When trying to translate our in vitro results to clinical applicability of GlcN, the intra-articular GlcN concentration that can be reached after administration of GlcN to the patient is reason of concern and thus weakens the direct clinical relevance of our work. Since the first studies were performed on the effect of GlcN there has been debate on this topic. When GlcN-HCl was administered to horses in a single dose, intravenously as well as orally, in a dosage per kg bodyweight at clinically relevant levels, GlcN was still detectable in synovial fluids 6 hours after it was nearly completely cleared from the serum . Although GlcN can thus be retained in joint fluid, it must still be questioned whether the levels of 0.5 mM or 5 mM GlcN will ever be reached in the joint.
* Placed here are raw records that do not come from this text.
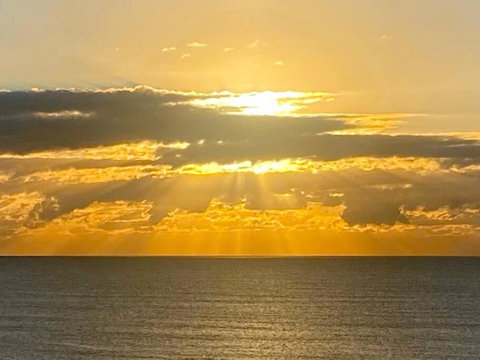 Alex Beachfront 3 Brm Apartment - 9th Floor - Kawana Tourism 4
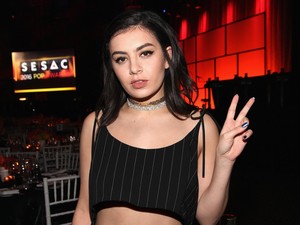 Charli XCX Sindir Green Day Soal Headliner di Coachella?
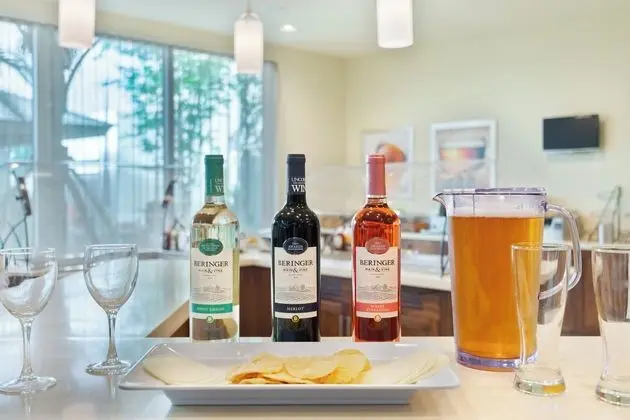 Staybridge Suites Miami International Airport - Oda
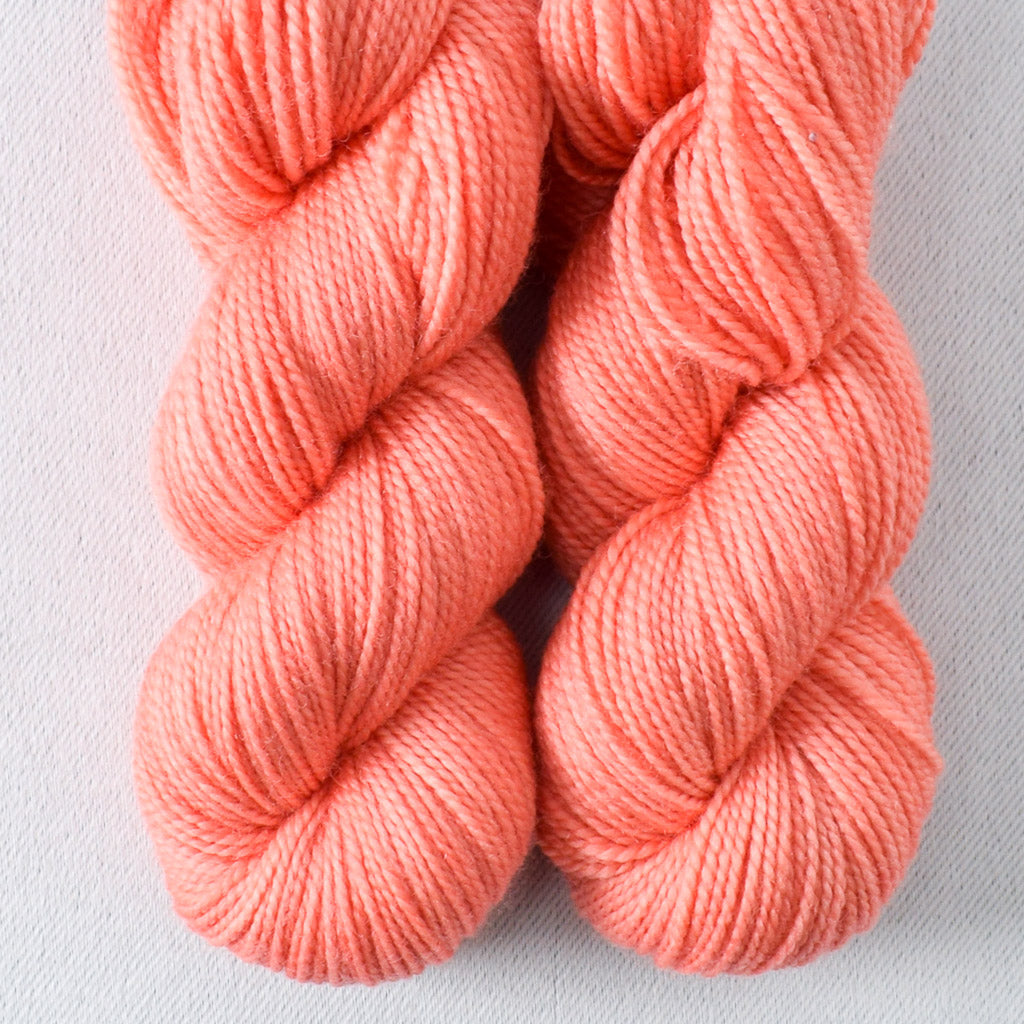 Correa - Miss Babs Yummy 2-Ply Toes superwash Merino wool yarn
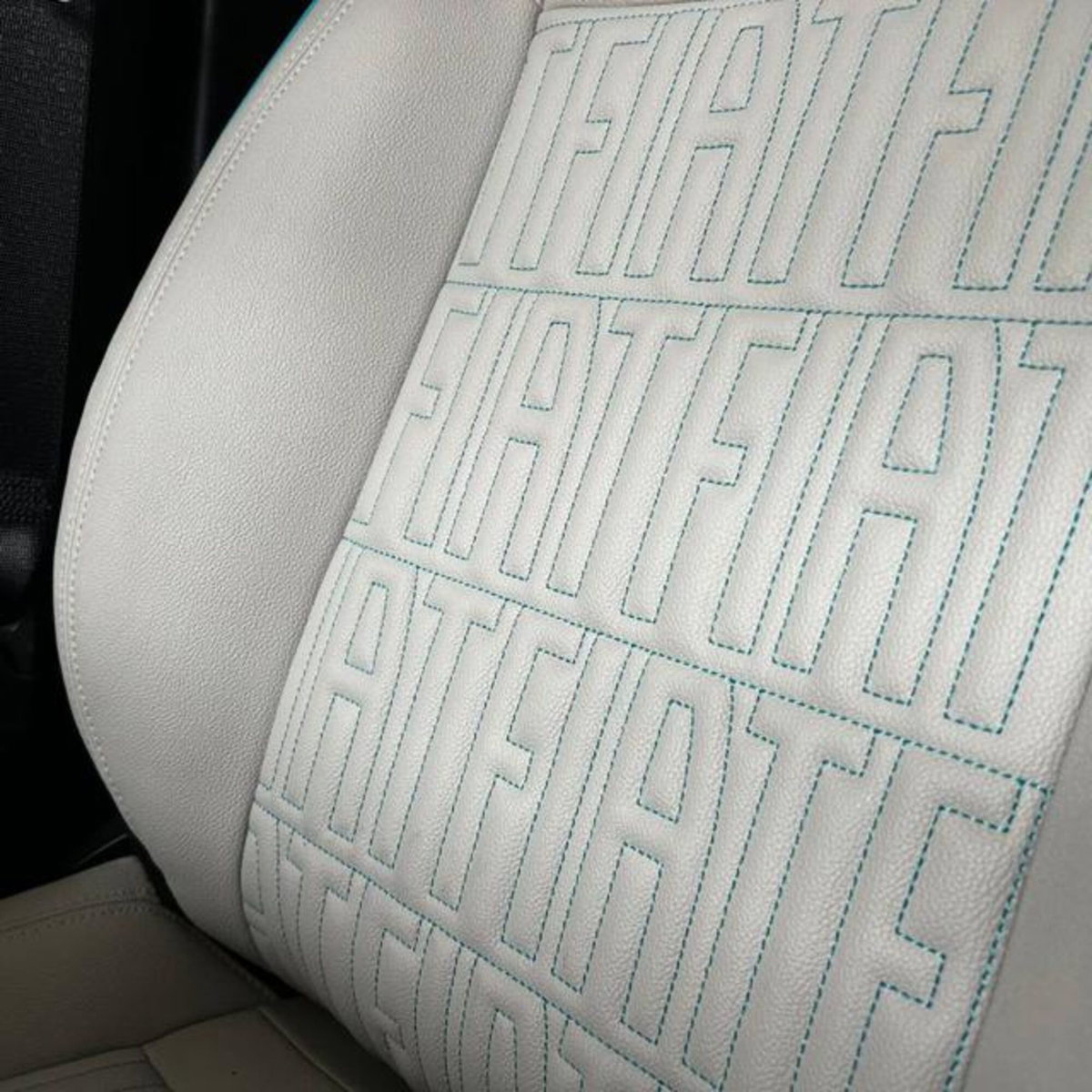 Fiat 600 1.2 hybrid La Prima 110cv auto (12)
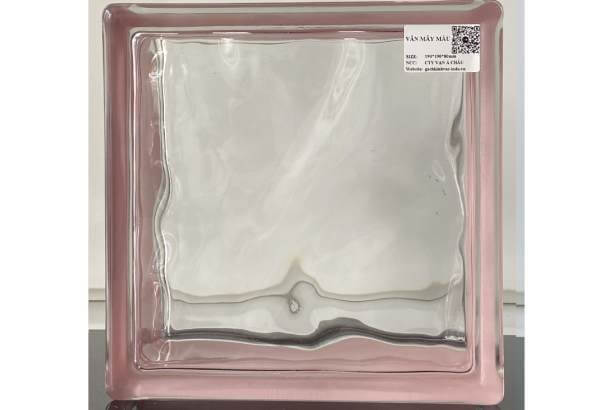Khối thủy tinh màu hồng với bề mặt lượn sóng, dùng trong xây dựng và trang trí nội thất.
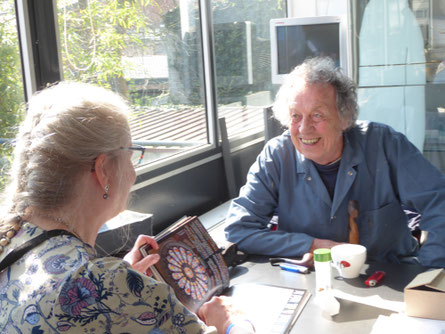 Tongeren, 7 april 2019 - Thea met Rafael Verjans in zijn atelier.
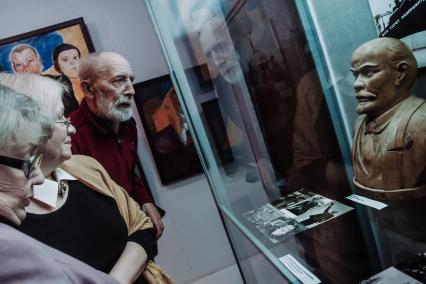 Самара. Посетители на выставке `Грани XX века. 100 лет Российской революции` в областном художественном музее.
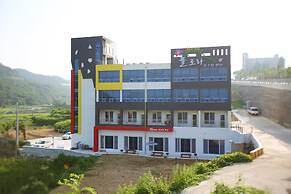 Flora Hostel Pension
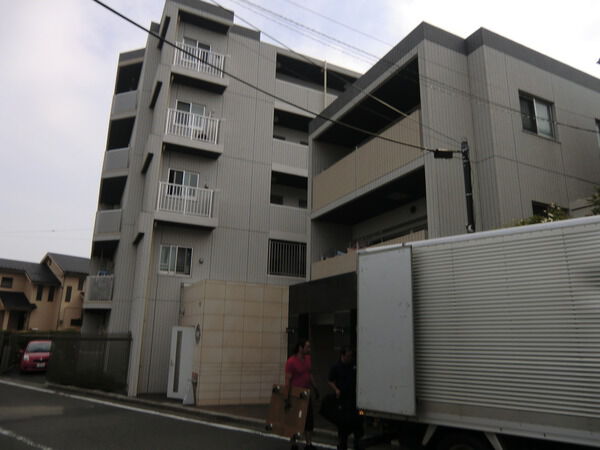【プレミスト湘南台スパークルレジデンス】外観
Therefore, future studies should look into the effect of lower GlcN concentrations on synovial HA production. Our result should be interpreted as a proof of concept on the possible working mechanism of GlcN in OA.
In conclusion, the results of our experiments suggest that GlcN-HCl increases the production of HA in synovium. Our results were obtained with GlcN concentrations much higher than thus far have been reported in human synovial fluid after oral ingestion of a therapeutic dose . Further studies are needed to investigate the effect of GlcN concentrations more likely to be reached in the human joint, before any decision can be made upon the clinical relevancy of GlcN ingestion on synovial HA production.